On our fishing grounds we’re very fortunate to encounter more than our fair share of these big Tyees. While there often are peak times, the possibility is always there throughout the summer to tangle with a fish over 40 pounds.  That’s part of the mystique of fishing… expectation and opportunity.  You just have to be there.

And over the past week there have been many opportunities!  Sometimes the fish wins outright, managing to spit the hook or break the line, leaving the angler with a strange mix of awe and disappointment that the feeling was so short-lived. Others come to the boat and return to the lodge in the fish box, a deserved source of pride and accomplishment for the successful angler.

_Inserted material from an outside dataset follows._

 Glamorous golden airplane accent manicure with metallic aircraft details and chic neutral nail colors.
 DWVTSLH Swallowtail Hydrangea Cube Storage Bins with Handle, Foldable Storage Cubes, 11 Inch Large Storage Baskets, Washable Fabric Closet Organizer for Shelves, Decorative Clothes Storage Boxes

Increasingly we’re finding some middle ground – after the battle has been fought, the angler and the salmon part ways after some careful resuscitation – and hopefully both come out as winners. Research has shown that survival rates can be very high for released fish.  QCL guides are instructed in proper catch & release techniques and will work very hard to ensure that a released fish will have the best chance at a good recovery after it swims away from their boat.  Measurements provide an excellent indication of fish size and we’re especially pleased to recognize those anglers who choose to let a big fish go.  We just prefer that anglers consider the options and make an informed choice.  Whichever the outcome, the value of the “Big Fish” is never diminished.  They are prized, sought after, enjoyed and revered.